### Data for analysis
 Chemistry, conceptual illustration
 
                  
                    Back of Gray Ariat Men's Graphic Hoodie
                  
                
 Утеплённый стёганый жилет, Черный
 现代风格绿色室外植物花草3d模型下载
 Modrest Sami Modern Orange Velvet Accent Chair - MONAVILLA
--
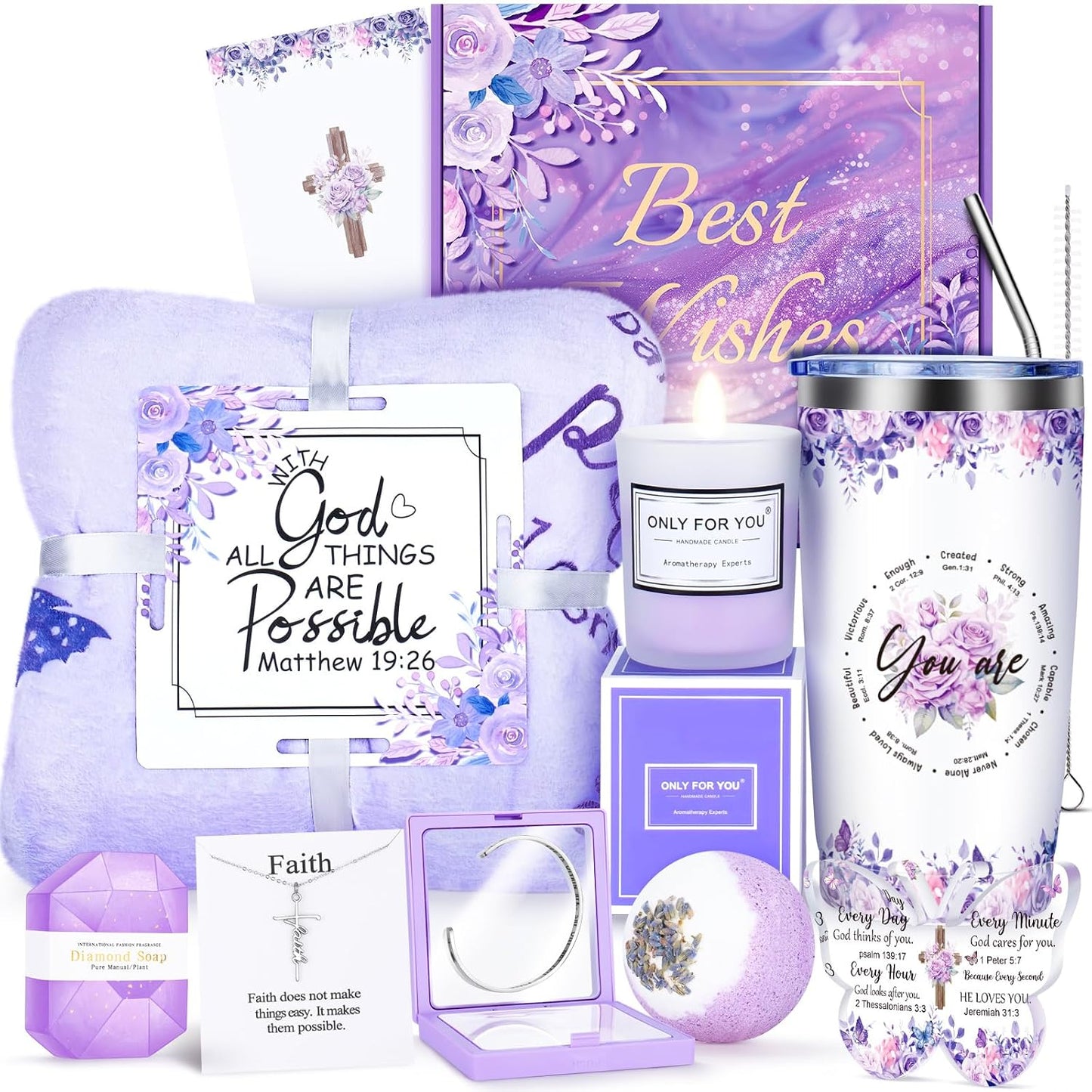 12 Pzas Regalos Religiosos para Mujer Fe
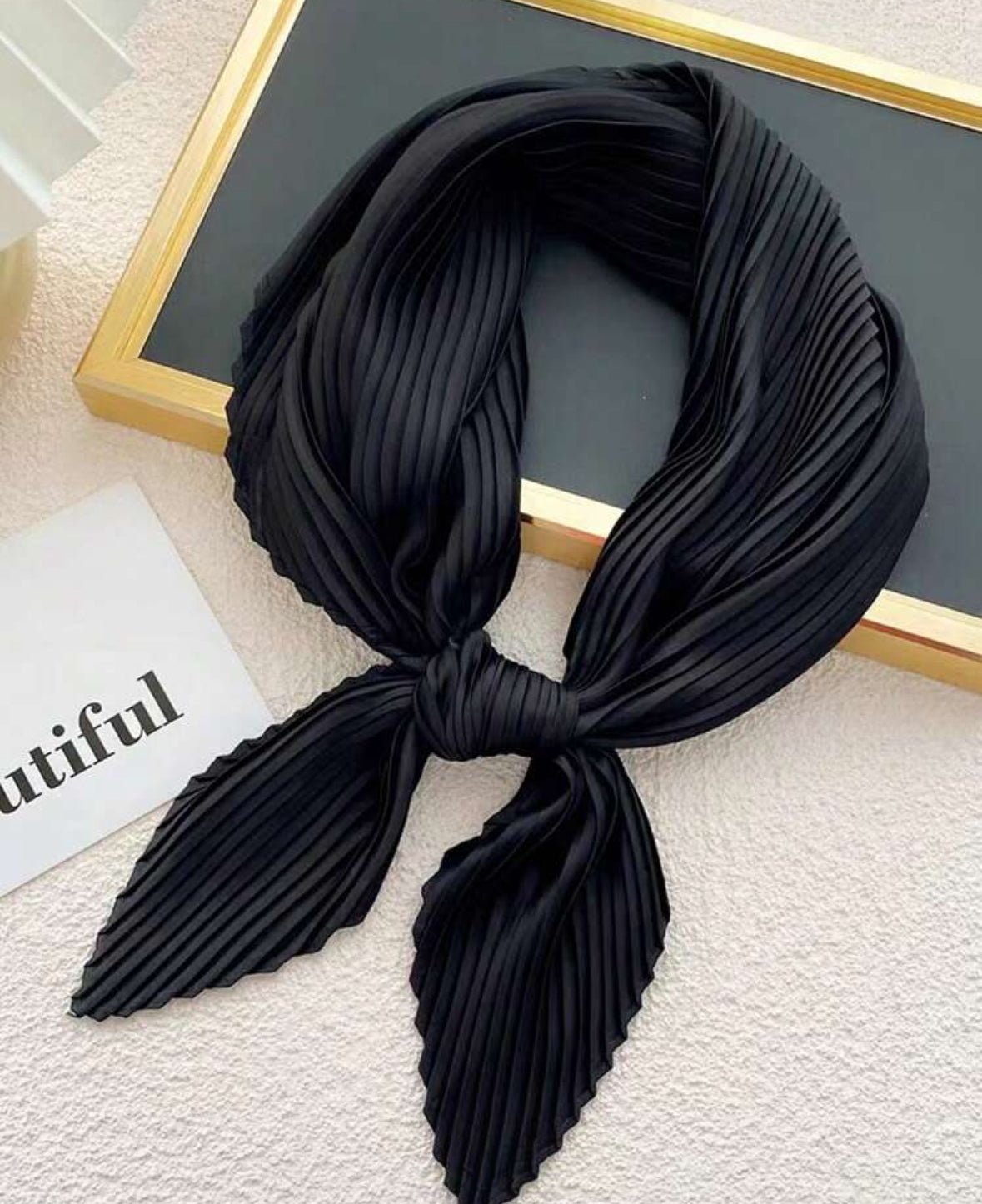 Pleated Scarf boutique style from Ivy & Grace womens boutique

### What the task asks
From the listing above, repeat exactly the lines starting at the line that includes "现代风格绿色室外植物花草3d模型下载" and ending at the line that includes "Modrest Sami Modern", with nothing outside that span.

### Task solution
 现代风格绿色室外植物花草3d模型下载
 Modrest Sami Modern Orange Velvet Accent Chair - MONAVILLA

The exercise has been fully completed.